Sommerlaune und "Hannover Proms"-Feeling
Gut vorbereitet waren sie: Viele hatten sich Klappstühle mitgebracht, einige machten es sich auf Picknickdecken gemütlich, manche hatten sogar einen Tisch für ihre Köstlichkeiten aufgebaut. Mit ein paar britischen und amerikanischen Utensilien konnte das "Hannover Proms"-Feeling kommen. Schließlich wollte man auch London Konkurrenz machen. "Wir haben Andrew Manze, damit sind wir unschlagbar gegenüber London", meinte ein Parkbesucher zuversichtlich. Das herrliche Sommerwetter machte den Abend perfekt, und so übertrug sich die gute Laune aus dem Saal direkt in den Park: Auch hier war der Applaus groß, bei Sousas "Stars and Stripes Forever" klatschten die Parkbesucher mit, während bei Barbers emotionalem Adagio andächtige Stille herrschte.
Temporeiche Musik
Beste Stimmung garantierte die NDR Radiophilharmonie mit einer temporeichen Bandbreite an amerikanischer Musik von fetzig bis gefühlvoll: Es war sogar noch eine Steigerung zur Generalprobe am Vorabend zu hören, jetzt gaben die Musiker alles. Der Pianist Makoto Ozone brillierte genussvoll mit seinen Jazzimprovisationen in Gershwins Rhapsody in Blue. Und wer nicht schon ein Fan von der Sopranistin Angel Blue war, hat sich sicherlich spätestens bei ihrer mitreißend ausdrucksvollen Interpretation von Liedern Gershwins und Berlins in ihre Stimme verliebt.

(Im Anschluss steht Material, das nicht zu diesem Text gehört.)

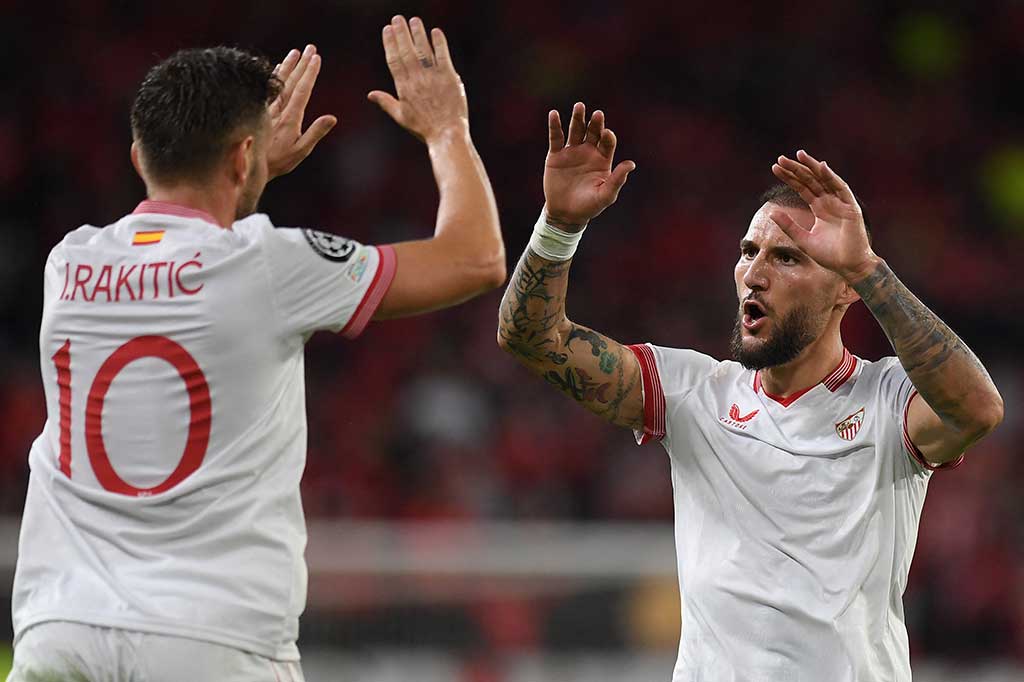 Tertinggal dua gol, Sevilla berusaha memperkecil ketertinggalannya dan upaya mereka membuahkan hasil pada menit ke-58 berkat gol yang dicetak Nemanja Gudelj. Berawal dari umpan silang yang dikirimkan  Rakitic, Gudelj mampu memenangkan duel dengan Gabriel Jesus dan menyundul bola masuk ke gawang Arsenal. Skor 2-1 untuk kemenangan Arsenal bertahan hingga laga usai.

Mit seiner launigen Moderation sorgte Andrew Manze für die entsprechende Unterhaltung. Er schwärmte vom hannoverschen Publikum und stachelte es an, es jetzt "mal der ganzen Welt zu zeigen": Zum großen Finale mit Elgars "Pomp and Circumstance" sang der ganze Saal ausgelassen "Land of Hope and Glory" und schwenkte mit Fähnchen.
Ein Statement für Europa
Mitsingen und Fähnchen-Schwenken gehört zu "Hannover Proms" einfach dazu. Aber diesmal war etwas anders als vor zwei Jahren: Das Publikum schwenkte nämlich Europa-Fähnchen. Die Idee kam Andrew Manze ganz bewusst als Reaktion auf die Brexit-Ereignisse: "Ich bin wirklich unglücklich über den Brexit, ich fühle mich geradezu beschämt. Daher will ich diesmal gar nicht, dass britische Fähnchen geschwenkt werden, diesmal müssen wir einfach europäische Fähnchen nehmen."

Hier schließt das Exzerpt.